A verbatim restatement of the data, free of pictures, is what you should output.

-- GIVEN DATA --
=======

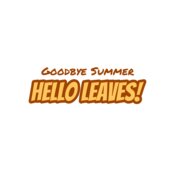 Fall Season 22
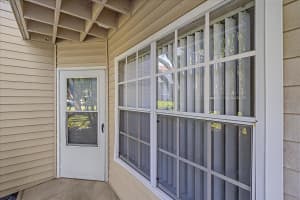 850 TAMIAMI TRAIL, SARASOTA, FL 34236 - MLS#MFRA4665241
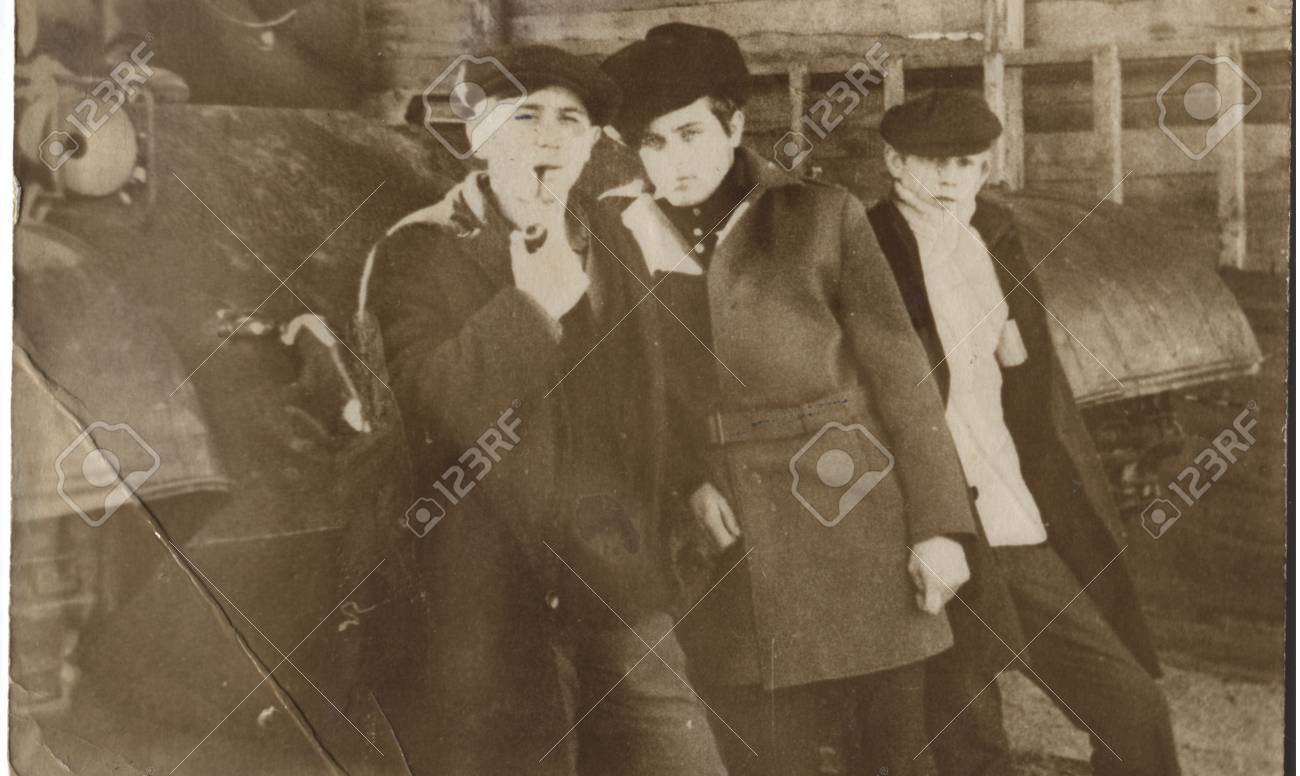 etiam-dictum-ipsum-a-felis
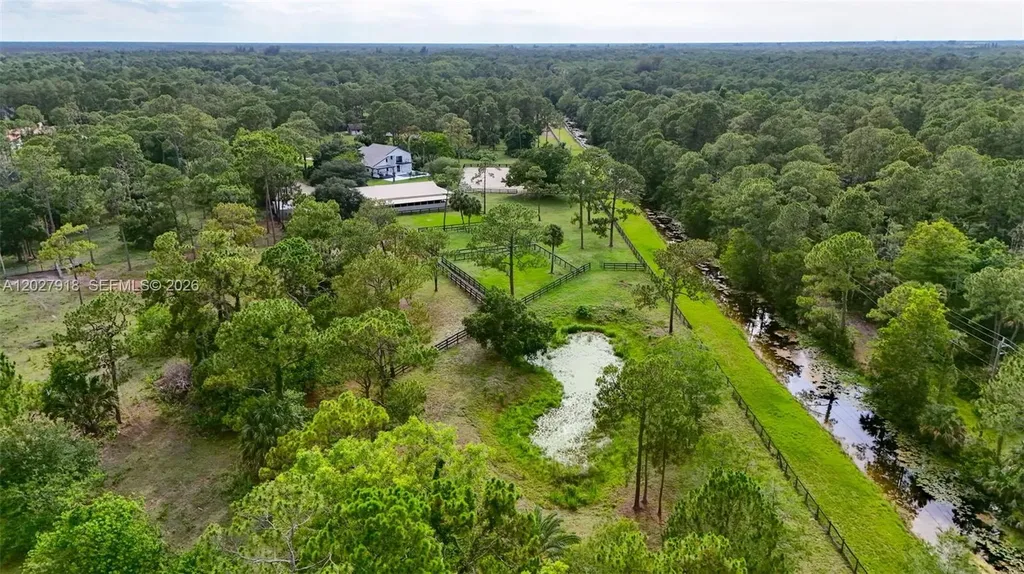 12725 Mallard Creek Drive Palm Beach Gardens FL 33418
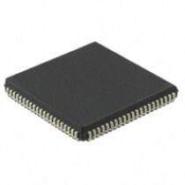 IDT7025S45J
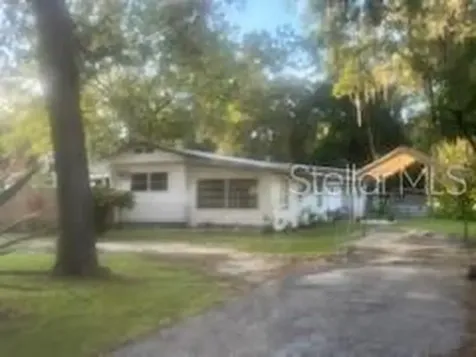 7747 E Pine Lake Lane Floral City FL 34436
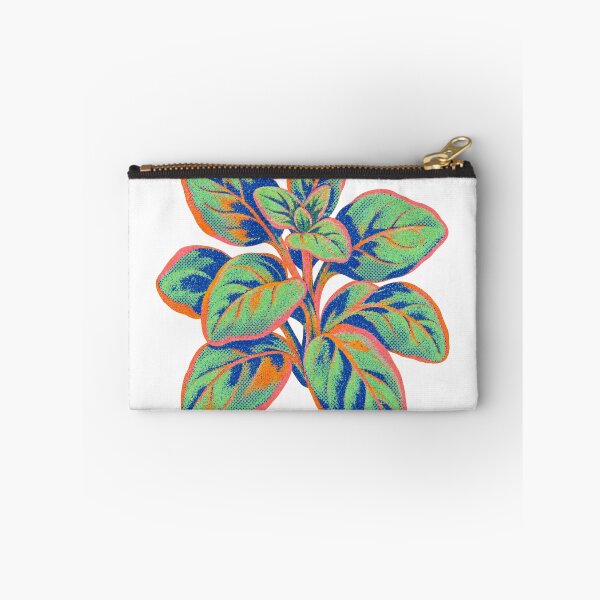 Item preview, Bright Oregano Cushion designed and sold by The-Art-of-D.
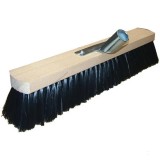 Perie Matura Romi pentru hale 40 cm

=======

-- OUTPUT OF THE TASK --
 Fall Season 22
 850 TAMIAMI TRAIL, SARASOTA, FL 34236 - MLS#MFRA4665241
 etiam-dictum-ipsum-a-felis
 12725 Mallard Creek Drive Palm Beach Gardens FL 33418
 IDT7025S45J
 7747 E Pine Lake Lane Floral City FL 34436
 Item preview, Bright Oregano Cushion designed and sold by The-Art-of-D.
 Perie Matura Romi pentru hale 40 cm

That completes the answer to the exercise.